Pictures with short captions
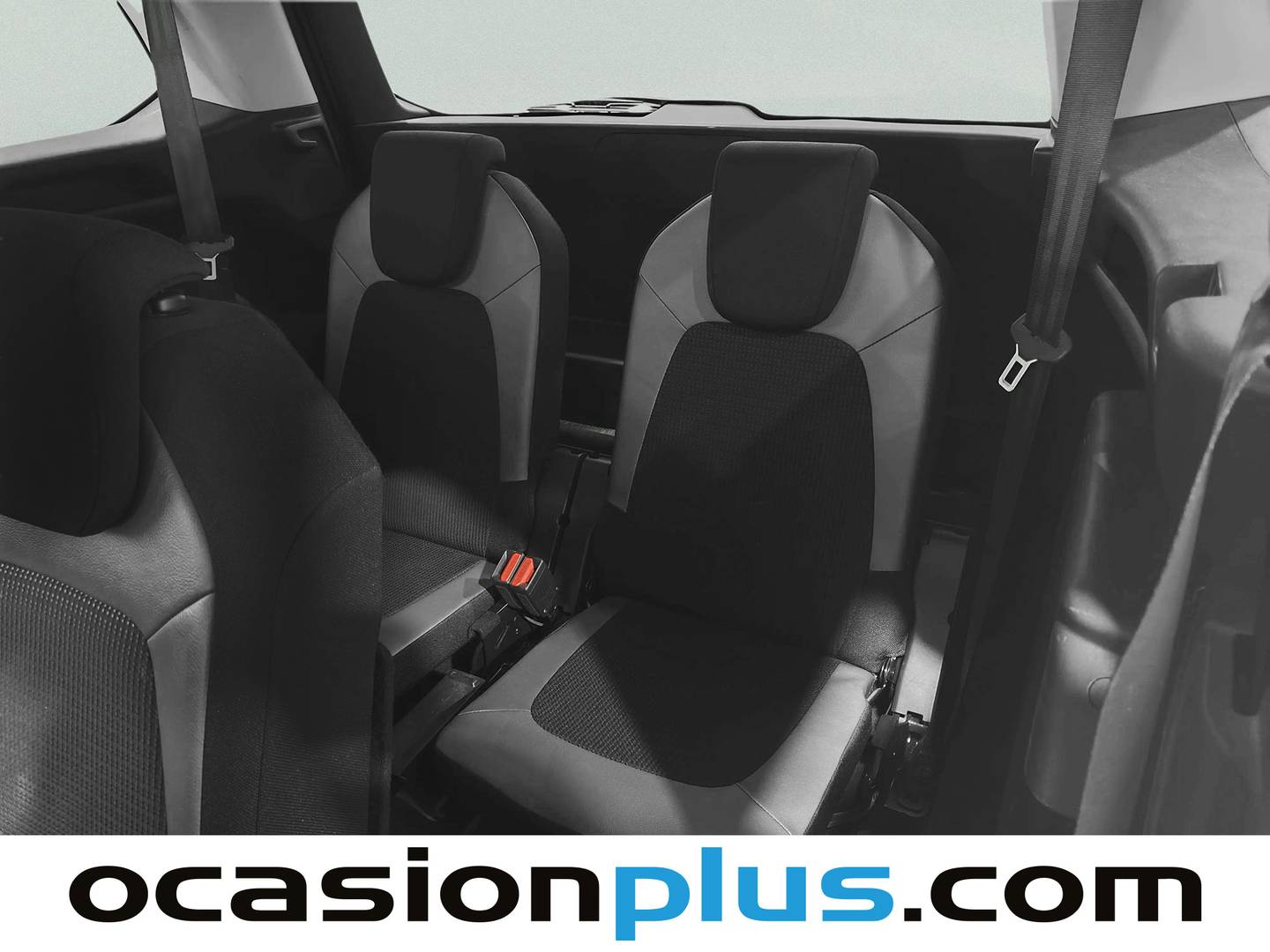 Foto asientos delanteros Citroën Grand C4 Spacetourer Citroën Grand C4 Spacetourer BlueHDi 150 S&S Shine EAT8 (163 CV) 7 Plazas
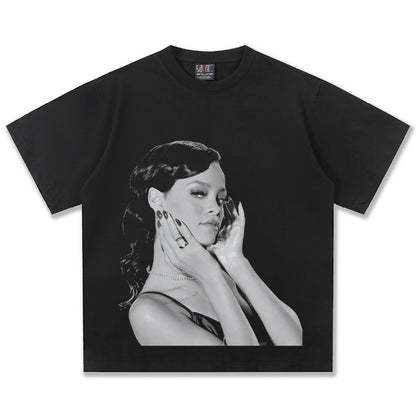 Rihanna Posing T-Shirt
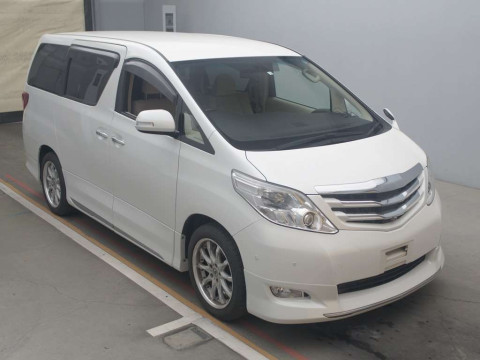 2008 Toyota Alphard GGH25W[2]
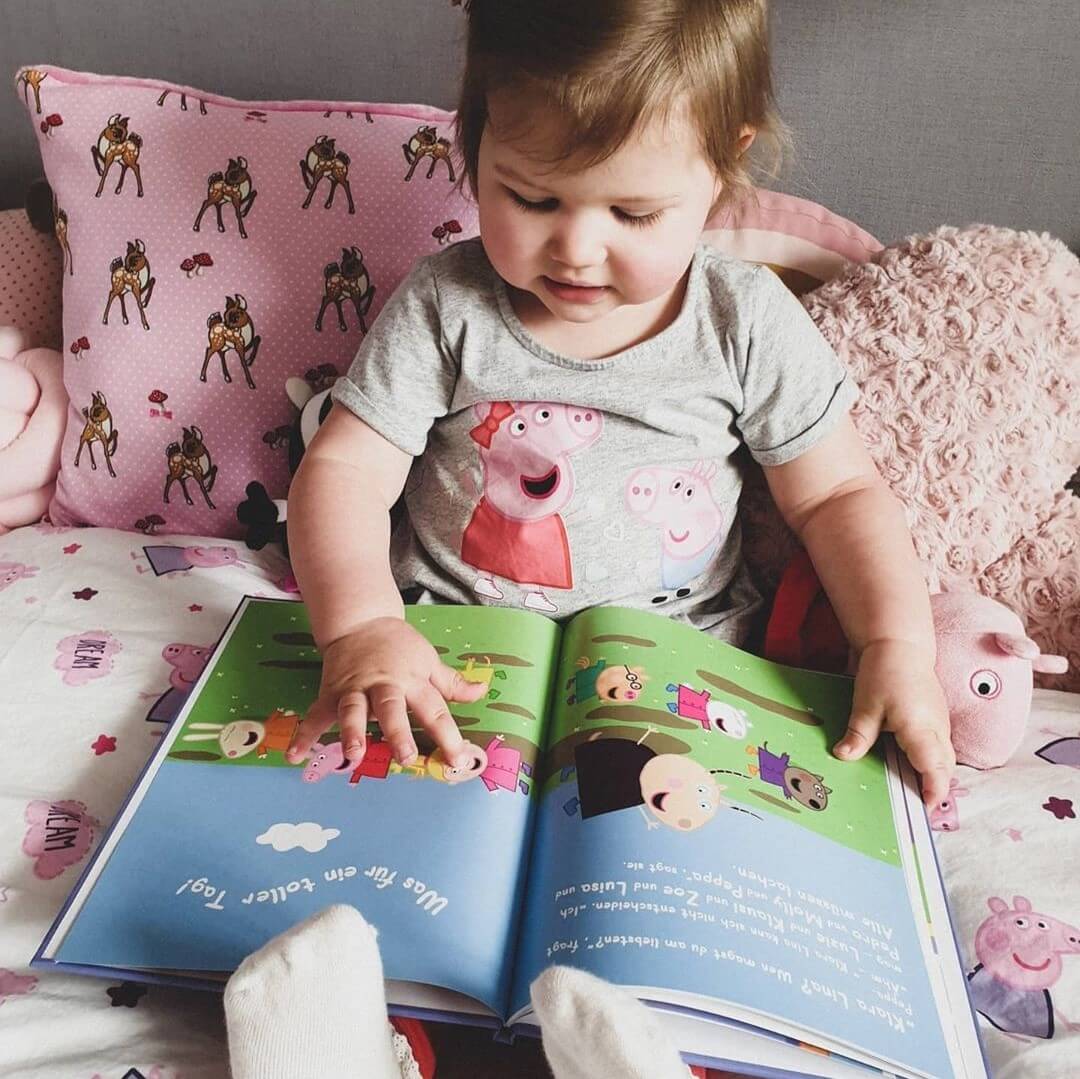 Peppa Pig und du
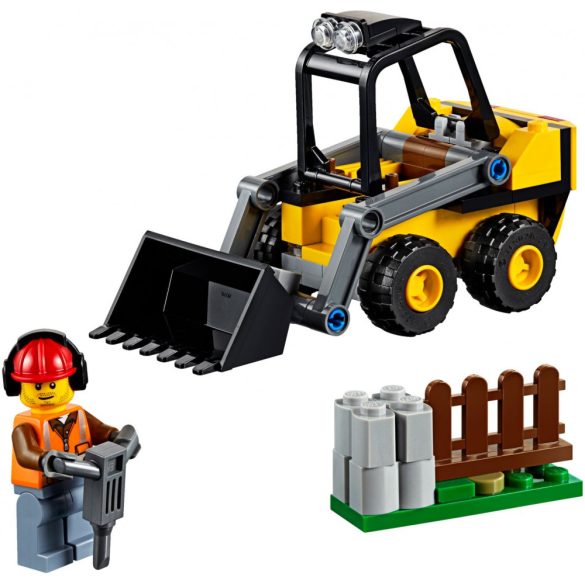 LEGO 60219 City Építőipari rakodó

EXERCISE PROMPT
Pictures are not part of the copy. Output only the lines from the one with "Peppa Pig und du" through the final line of the records, exactly as given.

SOLUTION TO THE EXERCISE
 Peppa Pig und du
 LEGO 60219 City Építőipari rakodó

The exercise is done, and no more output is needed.